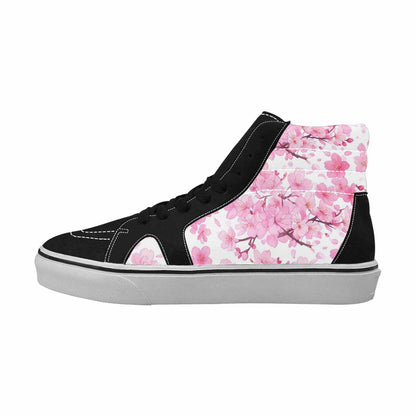 MEN'S Cherry Blossom Branch Cherry High Top Canvas Neon Fantasy Custom Shoes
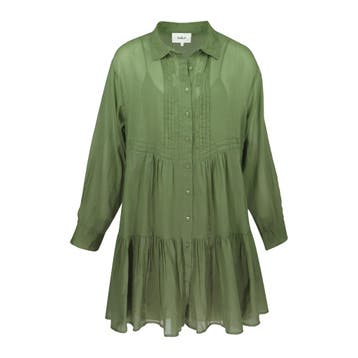 Ba&sh • korte kaki jurk Cosima • 34 (1), Kleding | Dames, Jurken, Verzenden, Nieuw, Ba&sh, Maat 34 (XS) of kleiner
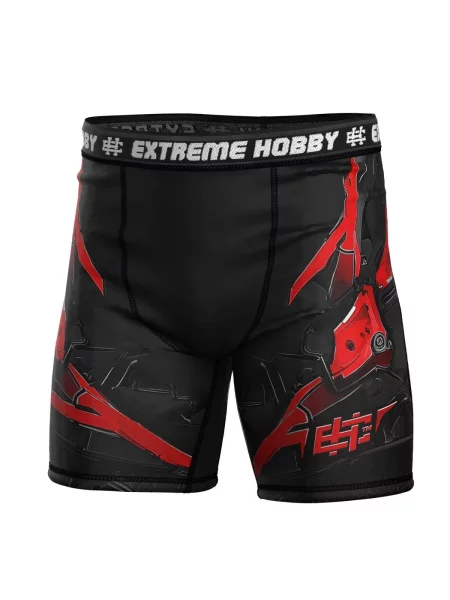 Spodenki Vale Tudo do MMA EXTREME HOBBY IRON FORCE czerwone
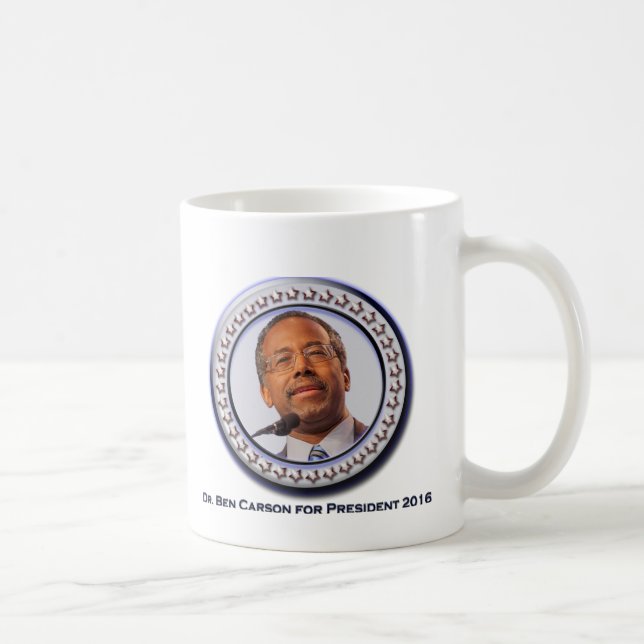 Ben Carson para a caneca do presidente café (Direita)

Exercise description
Reprint the listing above verbatim but drop the images.

Exercise solution
 MEN'S Cherry Blossom Branch Cherry High Top Canvas Neon Fantasy Custom Shoes
 Ba&sh • korte kaki jurk Cosima • 34 (1), Kleding | Dames, Jurken, Verzenden, Nieuw, Ba&sh, Maat 34 (XS) of kleiner
 Spodenki Vale Tudo do MMA EXTREME HOBBY IRON FORCE czerwone
 Ben Carson para a caneca do presidente café (Direita)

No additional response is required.